## Task objective
In the entries below, begin at the line with "This is a brand" and stop after the line with "Revolutionary engineering, progressive"; output those lines exactly and omit the pictures.

## Source information
= = =

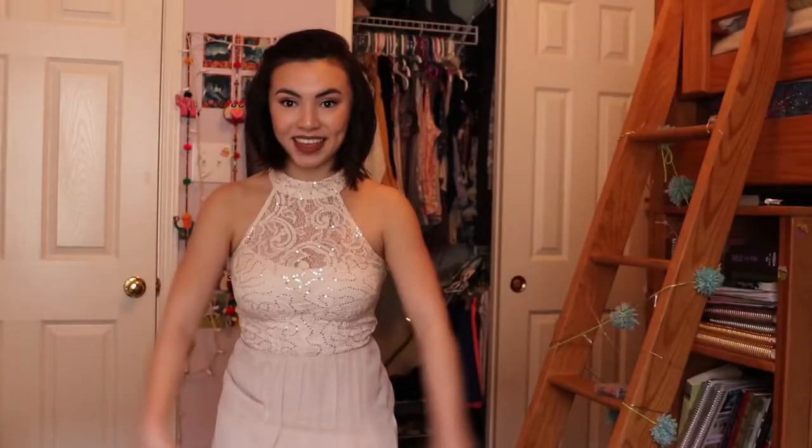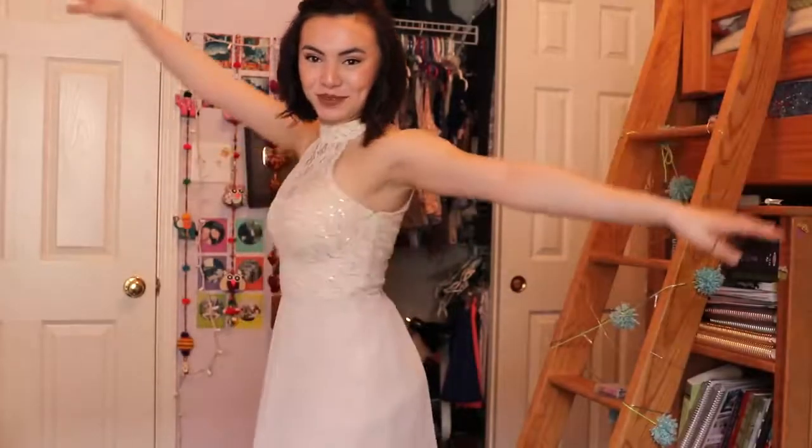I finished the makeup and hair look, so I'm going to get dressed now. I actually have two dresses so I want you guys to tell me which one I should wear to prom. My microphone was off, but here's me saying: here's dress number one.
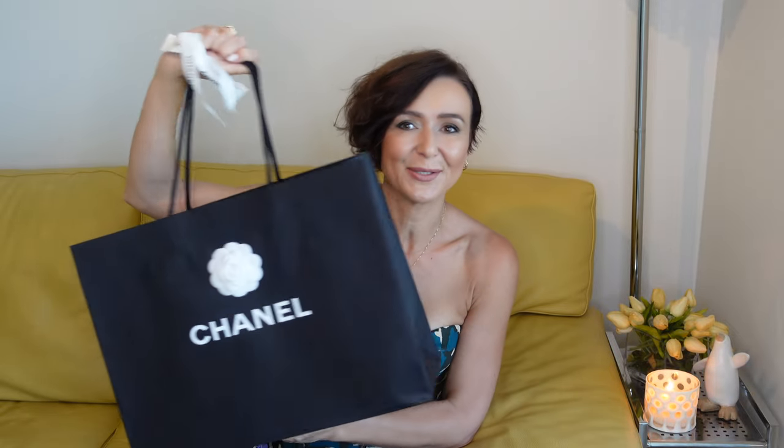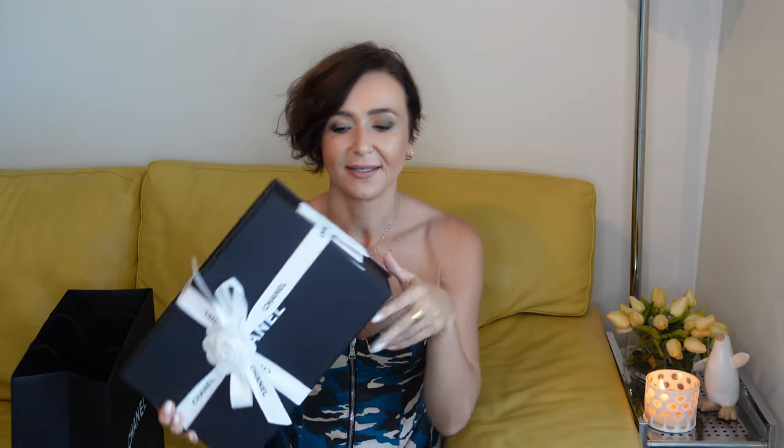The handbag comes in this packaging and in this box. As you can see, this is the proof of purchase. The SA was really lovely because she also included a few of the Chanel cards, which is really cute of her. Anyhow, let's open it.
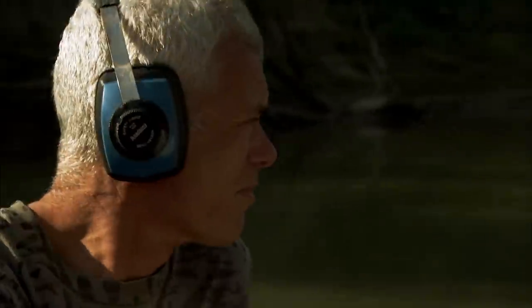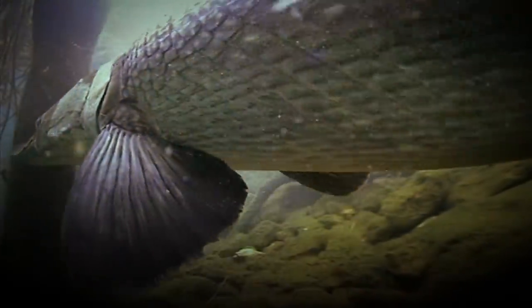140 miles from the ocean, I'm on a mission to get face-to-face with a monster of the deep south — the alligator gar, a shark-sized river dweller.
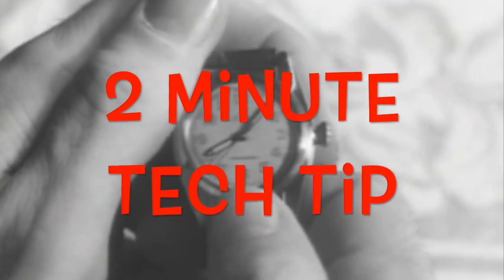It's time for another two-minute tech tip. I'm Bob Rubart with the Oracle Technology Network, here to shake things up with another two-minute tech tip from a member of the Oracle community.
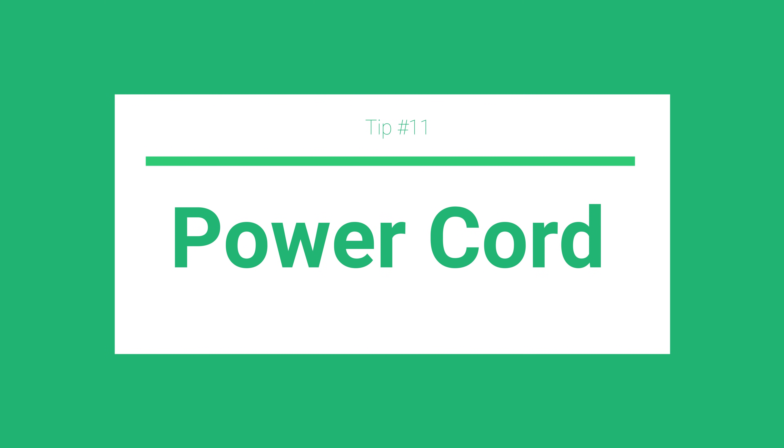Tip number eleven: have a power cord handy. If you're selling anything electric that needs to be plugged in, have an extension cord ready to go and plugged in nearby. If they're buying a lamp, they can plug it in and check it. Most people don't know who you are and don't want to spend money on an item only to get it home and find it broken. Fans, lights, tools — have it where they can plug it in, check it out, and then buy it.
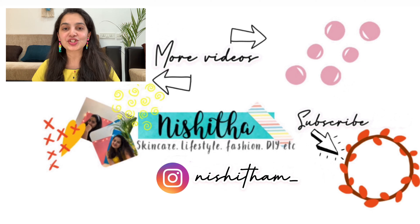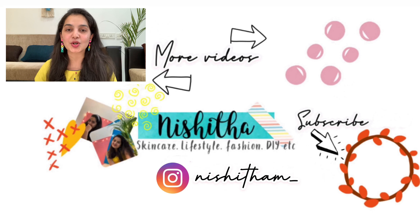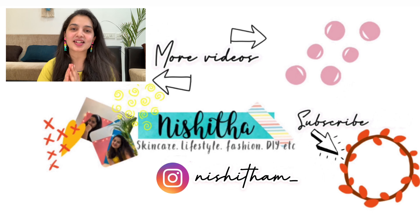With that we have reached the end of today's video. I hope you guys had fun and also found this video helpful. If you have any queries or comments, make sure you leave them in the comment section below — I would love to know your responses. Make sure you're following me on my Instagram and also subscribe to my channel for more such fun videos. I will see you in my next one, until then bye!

= = =

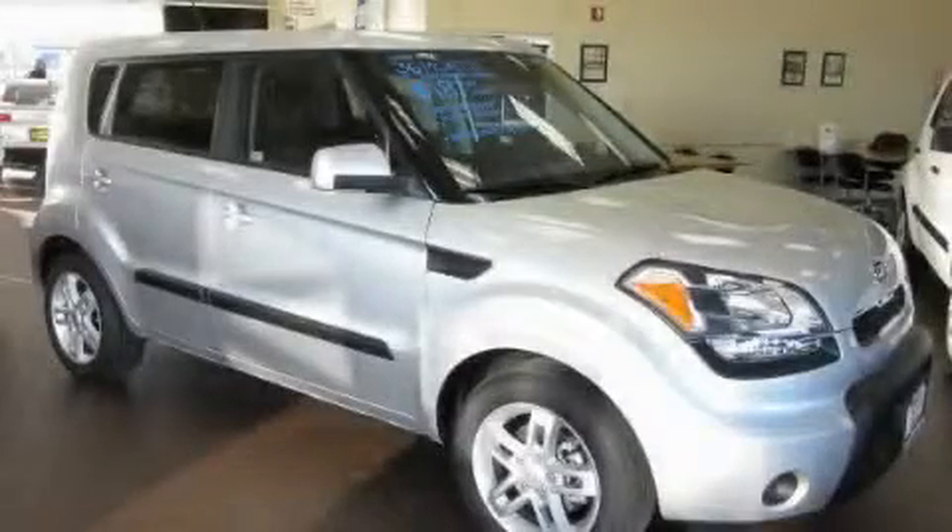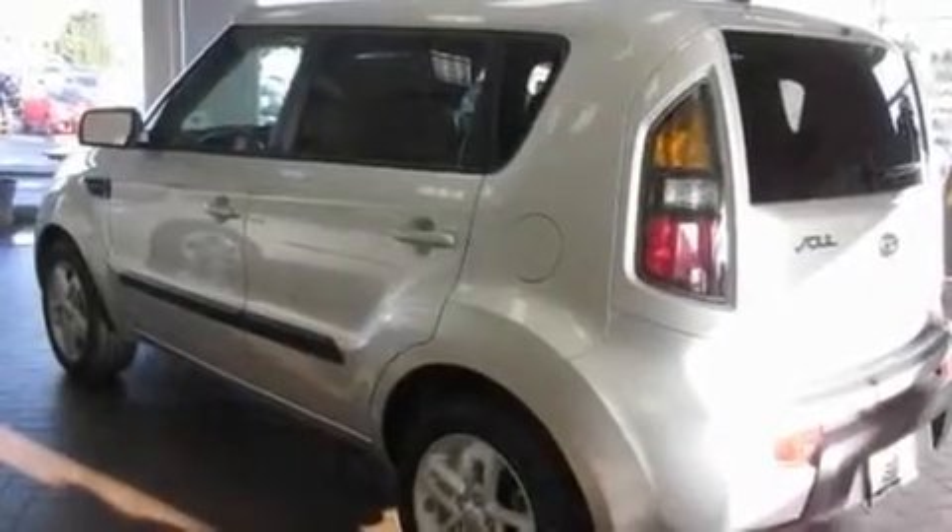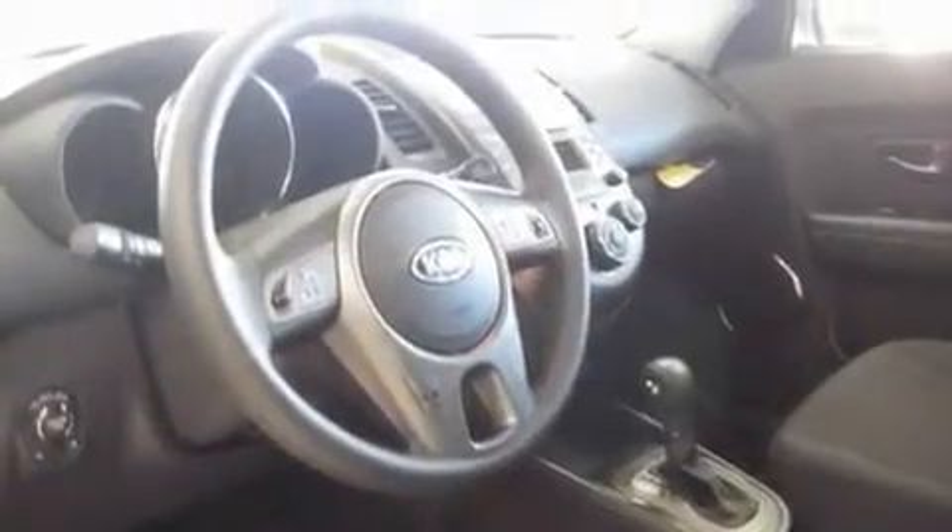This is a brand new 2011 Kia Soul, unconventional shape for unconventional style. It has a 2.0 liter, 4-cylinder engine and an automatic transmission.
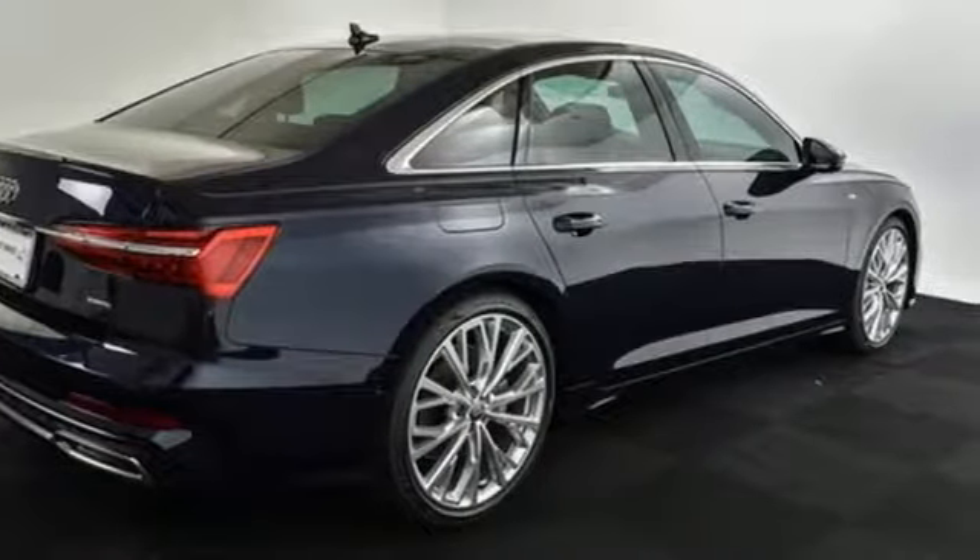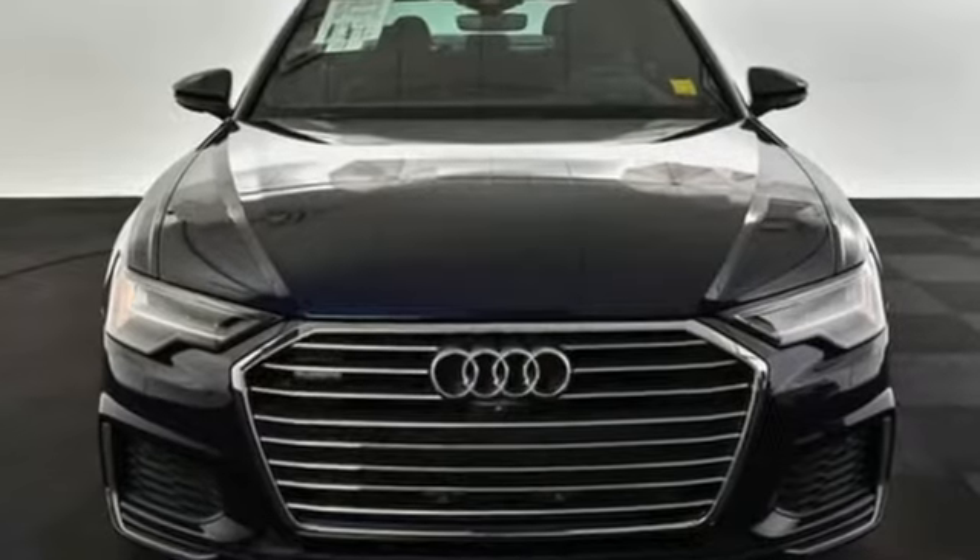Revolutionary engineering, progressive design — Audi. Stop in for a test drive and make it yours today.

= = =

## Problem solution
This is a brand new 2011 Kia Soul, unconventional shape for unconventional style. It has a 2.0 liter, 4-cylinder engine and an automatic transmission.
Revolutionary engineering, progressive design — Audi. Stop in for a test drive and make it yours today.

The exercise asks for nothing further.